< Back To Article
Trekking in the Wilderness
Photographs by Deepti Naval
Published: Volume 15, Issue 4, April, 2007
The rivers, the mountains, the star-spangled sky and the open, stark spaces call out to her incessantly and she repeatedly returns to her emotional homeland. Actor, painter, poetess, photographer, Deepti Naval, who has often walked alone in the Himalayas, speaks about her bond with the barren Ladakhi terrain that continues to be her muse

Mountains are a way of life for me. I was hardly four or five years old when I first went to the Rohtang Pass in the Himalayas. My parents were fond of travelling and my father often took us to the mountains of Himachal Pradesh. At that time, there were no roads to the Rohtang Pass - we had to walk up. I have pahaadi blood in me. I am part Dogri and part Punjabi, though I don't hard press the Punjabi side of me!
I feel that the mountains are my emotional homeland. I keep going back to them and when you feel so strongly about something, it comes through in your medium of expression. So, you can find out what the mountains mean to me through my poetry, painting and photography.

I like taking risks.
I remember the first time that I came to India from the US to join films. I landed in Mumbai and then immediately took off for Kashmir! Of course, it wasn't as risky then as it is today, to travel there. But I have never been one to play it safe. So, I am off again to Kashmir soon.
I have always enjoyed going to the mountains, unplanned. I like the idea of exploring remote places. I love to take off on my own. That is my way of connecting with myself, of unwinding, of exploring the terrain within me.
I believe that you never really get to feel the place unless you walk through it, touch it and feel it. I love trekking through the wilderness and am addicted to walking! Though my left knee was injured in a road accident and I can't climb too well, I love to walk through stark terrains and enjoy the solitude.
For years, I wandered in the Himachal region, visiting remote areas of Kinnaur, Lahaul and Spiti…till I discovered Ladakh.
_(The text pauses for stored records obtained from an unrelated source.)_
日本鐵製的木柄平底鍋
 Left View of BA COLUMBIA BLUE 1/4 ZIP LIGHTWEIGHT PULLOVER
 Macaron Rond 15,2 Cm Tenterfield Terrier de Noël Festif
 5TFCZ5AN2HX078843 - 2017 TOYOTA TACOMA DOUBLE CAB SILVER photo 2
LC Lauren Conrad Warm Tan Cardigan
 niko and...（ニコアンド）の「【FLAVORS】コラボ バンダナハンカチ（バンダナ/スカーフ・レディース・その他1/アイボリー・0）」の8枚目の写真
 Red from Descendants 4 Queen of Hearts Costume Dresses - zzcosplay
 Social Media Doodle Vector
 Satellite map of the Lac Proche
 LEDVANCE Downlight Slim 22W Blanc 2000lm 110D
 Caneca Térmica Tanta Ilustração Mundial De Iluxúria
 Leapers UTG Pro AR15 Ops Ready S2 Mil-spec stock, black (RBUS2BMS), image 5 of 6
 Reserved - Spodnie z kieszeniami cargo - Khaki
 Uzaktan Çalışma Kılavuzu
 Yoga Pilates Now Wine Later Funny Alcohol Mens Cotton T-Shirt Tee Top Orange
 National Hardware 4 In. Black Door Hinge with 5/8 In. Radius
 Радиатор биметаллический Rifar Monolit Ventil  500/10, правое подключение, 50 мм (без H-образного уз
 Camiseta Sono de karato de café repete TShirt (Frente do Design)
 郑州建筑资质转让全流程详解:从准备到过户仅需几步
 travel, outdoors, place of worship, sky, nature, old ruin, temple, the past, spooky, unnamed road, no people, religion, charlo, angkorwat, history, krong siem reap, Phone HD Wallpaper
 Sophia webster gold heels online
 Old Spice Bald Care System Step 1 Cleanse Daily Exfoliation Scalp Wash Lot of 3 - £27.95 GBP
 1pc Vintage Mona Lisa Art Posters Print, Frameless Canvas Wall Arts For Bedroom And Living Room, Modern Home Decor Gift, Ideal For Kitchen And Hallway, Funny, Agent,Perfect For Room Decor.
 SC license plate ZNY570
Barren landscapes are peaceful...
I first went to Ladakh in 1995 with Vinod, my fiancé. We drove all the way from Mumbai, sometimes each taking the wheel for 12 hours at a stretch. We were there for nearly two months. We would go and shack up in little villages; five or six hamlets with one gompa would often be termed a village. We also stayed in border areas outlining China and Tibet. That's how Ladakh entered my spiritual, mental and creative landscape. Since then, I have been to Ladakh several times, often on my own. I reach there and take the help of locals to navigate my way around this awesome terrain.
Ladakh is breathtaking in winter. The colours change. There are unimaginable shades of greys and browns in the landscape. It has starkness, serenity and soul. It is more spaced out, intriguing. Maybe, as a rule, starkness appeals to me. Barren landscapes, with the wind howling through them, somehow bereft, alienated and yet soothing and peaceful in their isolation.

I was filled with a child's curiosity.
The most exciting and memorable journey I have taken till date is the Frozen River Trek - the Tchadar Expedition. Tchadar means 'sheet of ice' and this trek takes you across the Zanskar River.
When you travel from Leh to Lamayaru, two rivers - Indus and Zanskar - meet. When you stand on a particular strip of road, you can see the confluence point - the Indus River coming from your left…and from the front, going down into the Indus Valley, is the Zanskar River. I would often stand at this point several times and wonder what lay in the valley. I would invariably stop there, take pictures, watch the light change on the water and reflect across the landscape. I was filled with the immense curiosity of a child. What would the bend in the river reveal to me?
On a trek in January 2004, I landed in Leh. I was fortunate to get two experienced and skilled guides - Lobzan and Rigzin. Lobzan was particularly adept at traversing the terrain at a very fast pace. He was a Zanskari and his family - wife and three daughters - lived across the river. So, he crossed it every now and then.
We had carried dried spinach, Maggi noodles and I, for the most part, lived off the packet of muesli which I had carried with me. We would spend the entire day trekking, wading, finding our way across the precarious sheet of ice. At night, we would discover a cave or rather a shelter along the river bed - little gouges in the rocks which keep you protected from the harsh winds.
The first night, I was scared to venture out and even attend to nature's call. I was afraid of snow leopards or bears attacking me. I soon reasoned that if animals came up to the area, they could easily find me in my tiny shelter. In fact, the guides showed me the paws of a snow leopard embedded in the ice.